Branded content, social media and the changing face of TV

  • Media
  • April 30, 2013
  • Ben Fahy
Branded content, social media and the changing face of TV

For years, pessimistic pundits have been talking about the death of TV. But TV viewership is still as strong as ever, and ad revenue is standing fairly firm. One thing that has definitely changed, however, is the integration of brands into programming and the ability of social media to light fires underneath content, as evidenced most recently by the launch of the X Factor NZ—and the way broadcasters are now working more closely with marketers and creative agencies to come up with original branded content ideas. 

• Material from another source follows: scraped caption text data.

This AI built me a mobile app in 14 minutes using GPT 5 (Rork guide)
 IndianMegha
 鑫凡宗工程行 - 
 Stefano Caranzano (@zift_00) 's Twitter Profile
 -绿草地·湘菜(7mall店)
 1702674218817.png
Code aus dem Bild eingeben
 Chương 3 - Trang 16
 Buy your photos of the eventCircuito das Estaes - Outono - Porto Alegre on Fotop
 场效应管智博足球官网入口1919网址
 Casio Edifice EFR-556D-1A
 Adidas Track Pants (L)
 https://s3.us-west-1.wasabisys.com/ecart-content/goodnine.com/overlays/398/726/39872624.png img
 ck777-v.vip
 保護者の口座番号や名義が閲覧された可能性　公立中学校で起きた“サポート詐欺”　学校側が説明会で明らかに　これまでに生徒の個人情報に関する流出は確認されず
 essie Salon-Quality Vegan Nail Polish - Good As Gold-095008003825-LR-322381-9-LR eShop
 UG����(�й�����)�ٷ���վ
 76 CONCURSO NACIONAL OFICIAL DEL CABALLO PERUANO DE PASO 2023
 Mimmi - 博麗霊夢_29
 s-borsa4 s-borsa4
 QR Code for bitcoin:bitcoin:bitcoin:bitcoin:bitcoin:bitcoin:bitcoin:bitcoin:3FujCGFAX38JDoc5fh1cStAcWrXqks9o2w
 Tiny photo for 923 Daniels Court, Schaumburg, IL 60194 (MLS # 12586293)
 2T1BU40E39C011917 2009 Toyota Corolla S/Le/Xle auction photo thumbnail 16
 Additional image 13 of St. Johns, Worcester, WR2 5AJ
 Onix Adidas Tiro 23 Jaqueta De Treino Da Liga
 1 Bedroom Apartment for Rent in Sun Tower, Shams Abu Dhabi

MediaWorks' head of integration Melanie Reece says The X Factor NZ launched well last week, even though it was beaten by TVNZ's Sunday and MasterChef (last night's episode was watched by 426,170 and was beaten by The Force, Border Security and My Kitchen Rules. That was a decrease from last Monday's 450,000). But it's the "exciting activation plan with all four of the sponsors" and the immense social media engagement that's floating Reece's boat. 

Broadcast sponsor Ford was also involved in New Zealand's Next Top Model, which was executive produced by the same team involved on X Factor, and the brand had great results with The X Factor overseas. So it talked with the international team about how to make best use of the property. And as well as The Passengers, which saw a pimped out Ford Kuga travel to the 27 audition stops around the country and record people singing in the back seat, it got in behind the Fast Ford to Bootcamp ideawhich coached and choreographed ten contenders and allowed them to leapfrog the general audition process and go straight through to the bootcamp section. 

When they first asked, the answer was no. But Freemantle eventually came around and, for the first time in any market, allowed a change to the format. This allowed MediaWorks to promote the show on its radio stations, in this case The Edge. 

"Ford was able to be at all the auditions. And once the auditions finished, their campaign continued so it’s given them such a long campaign duration," says Reece. 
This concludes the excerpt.